What Amazon got from buying Whole Foods was a real-world testing lab for its pricing strategies. This strategy could be a boon for competing retailers, which have traditionally had difficulty tracking the multiple price changes Amazon is capable of making online. Moving its price changes into the open air of a supermarket, where they are by nature quite visible, could give competitors a clearer view of the e-Tail giant’s tactics.

Competitors also might take some comfort from the fact that Amazon’s actions acknowledge the continuing relevance of brick-and-mortar retailing, but in reality, their feelings of worry may far outweigh their feelings of satisfaction.

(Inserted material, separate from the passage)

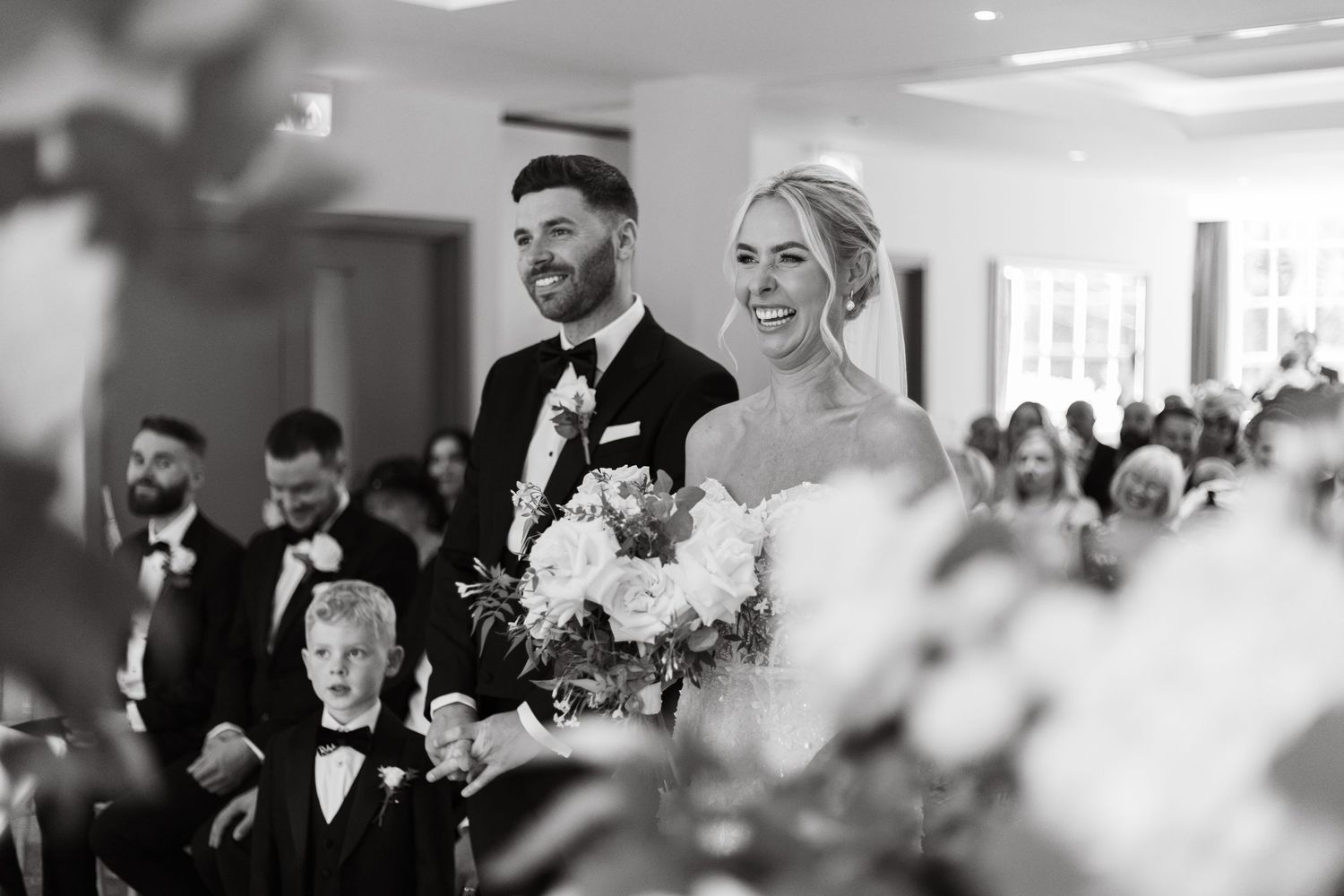 Black and white photo of wedding celebration with guests sharing joyful moments.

Whole Foods: A 456-Unit Testing Lab

Industry experts have been quick to call out Amazon for its experiments with Whole Foods. In a recent Harvard Business Review article, Hermann Simon, founder and chairman of Simon-Kucher & Partners, noted:

“Last month, [Amazon] bought a network of 456 customer-friendly testing facilities which welcome roughly eight million ‘volunteers’ each week. Amazon’s relentless price testing in the online world anchors its competitive advantage. Its unrivaled base of knowledge allows it to use price as a communications tool, a recruiting tool, a psychological weapon, and a value driver in ways that transcend the basic mechanics of supply and demand and profit and loss. Now Amazon can supplement that knowledge with direct, proprietary insights about the offline retail world.”

Simon added that he sees Amazon’s price strategy, “fueled by constant testing and experimentation,” as evolving in three steps:

  • Changing price perception;
  • Growing the market for healthy foods; and
  • Applying insights to other offline retail sectors and services.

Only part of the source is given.